Stranded Assets–Modulo 2: Protezione Ambientale is a modified reproduction of a regulations and emissions handbook retrieved from the recently decommissioned coal-fired Giuseppe Volpi power station in Porto Marghera, Venice. Lewitt retrieved this handbook in the course of research for his work Stranded Assets at the 57th Biennale d’Arte Venezia.
The general set of operational standards presented and explained in this handbook are paired against fragments and images taken from the Volpi plant, inserting particular fragments from this defunct energy infrastructure against the legislative context that prescribed its operation. Most conspicuously, transparency pages depicting four lamps featured in the central stairwell of the power station are evenly dispersed throughout the book. The lamps’ form resembles an open book whose ‘pages’ are populated with vertical rows of glass rods, through which light is refracted into the building’s stairwell.

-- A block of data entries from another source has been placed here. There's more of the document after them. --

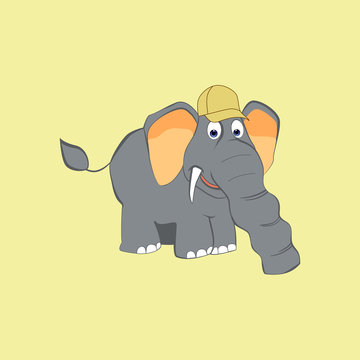 Cute elephant in a cap in a cartoon style. Funny character, maybe a builder, cleaner or for children's businesses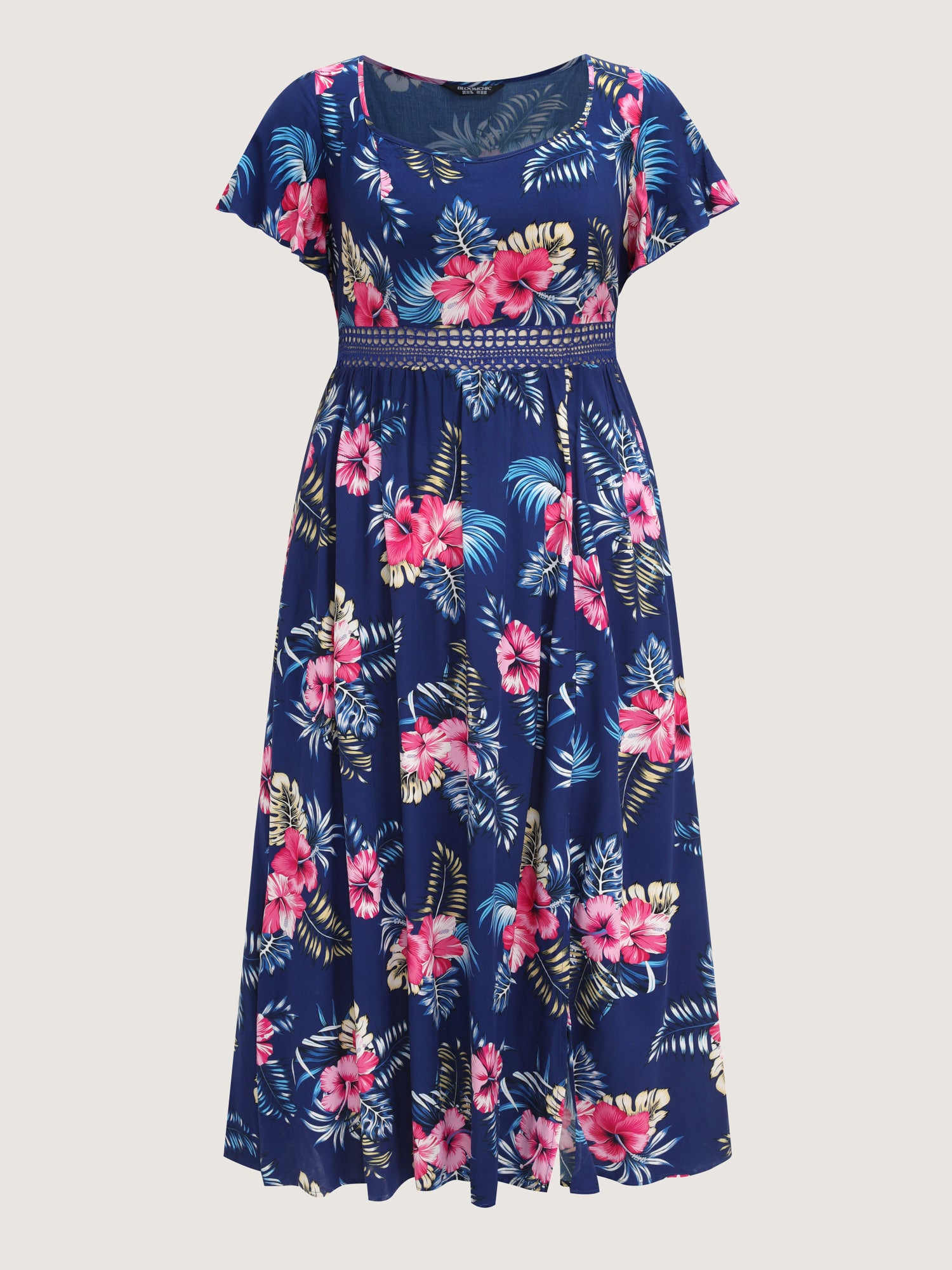 Large Floral Print Flowy Sleeve Maxi Dress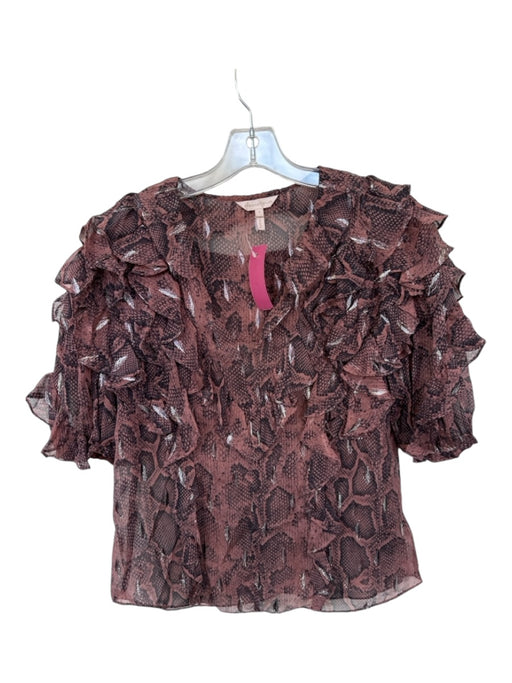 Rebecca Taylor Size 2 Maroon & Black Silk Short Sleeve Metallic Snake Print Top Maroon & Black / 2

Lewitt’s contribution to the Biennale consists in temporarily displacing these lamps into the Venetian Arsenale—the former site of the turbines that powered Venice, which was taken over by the Volpi plant. In his installation in the Arsenale, the original lamps illuminate his designated exhibition area. As an updated facsimile of an ENEL technical manual detailing emissions standards, the book pursues the gap that persists between the experience of a well-lit space of representation, and control of the energy commodity that lights it.